Re: (ITS#8475) Feature request: MDB low durability transactions

h . b . furuseth Fri, 16 Sep 2016 22:49:40 -0700

I'll use this ITS to summarize details for "volatile commits".
Hopefully I've managed to keep it all straight.


"Volatile" vs. "durable" are the most accurate names I can think of.
Not sure if that's more instructive than simply "soft" / "hard".

Description:

* Volatile commits omit fdatasync() without losing consistency.  To
  survive, they must be checkpointed *before* all processes close the
  env.  Un-checkpointed volatiles are lost when the env closes.

  Thus a separate checkpointing daemon can keep the env open to
  protect volatiles from application crash, at least if Robust locks
  are supported.  (The lmdb.h doc seems a bit unclear about Robust.)
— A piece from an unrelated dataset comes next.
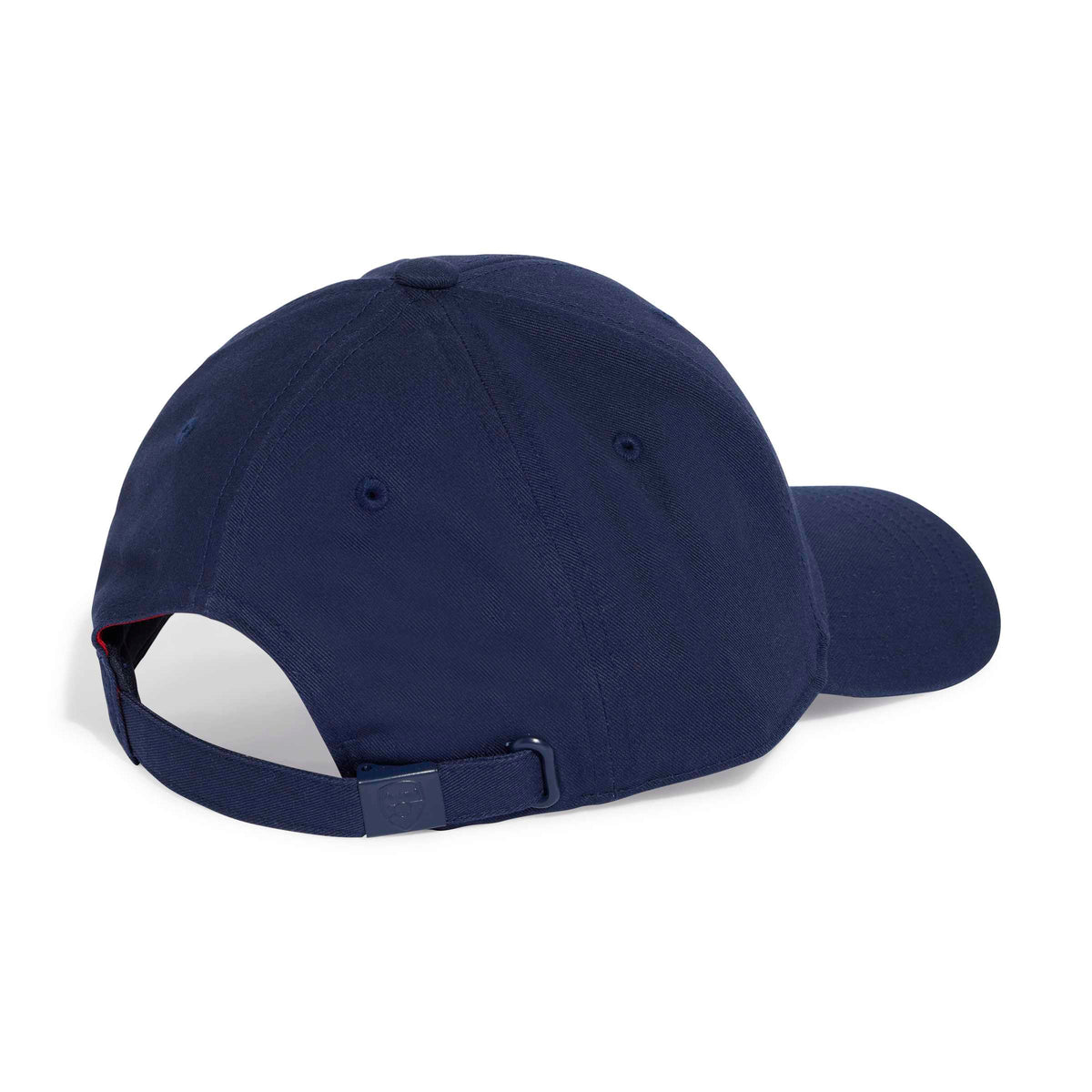 Arsenal Baseball Cap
* Checkpointing == committing a durable (non-volatile) write-txn.
  (If there is nothing to do, Commit writes nothing.)

  mdb_env_sync() will not checkpoint volatiles, since existing
  programs do not expect it to wait for the write mutex.  It
  "checkpoints" MDB_NOMETASYNC/MDB_NOSYNC.  Maybe mdb_checkpoint()
  will have a special case which obsoletes mdb_env_sync().

* Volatiles are unsupported with MDB_NOLOCK and pointless with
  MDB_NOSYNC.  OTOH it makes sense to enable MDB_NOMETASYNC.

* Volatiles need a bigger datafile, because it takes two durable
  commits to make a freed page reusable. (Plus awaiting old readers).

Configuration.  Too many options, ouch:

  LMDB can be configured to auto-checkpoint after X volatile commits
  and/or Y written kbytes(pages?).  Programs can also checkpoint every
  Z minutes(seconds?) - configured in LMDB to mimic Berkeley DB's
  "checkpoint <kbytes> <minutes>", but regular LMDB ops ignore that.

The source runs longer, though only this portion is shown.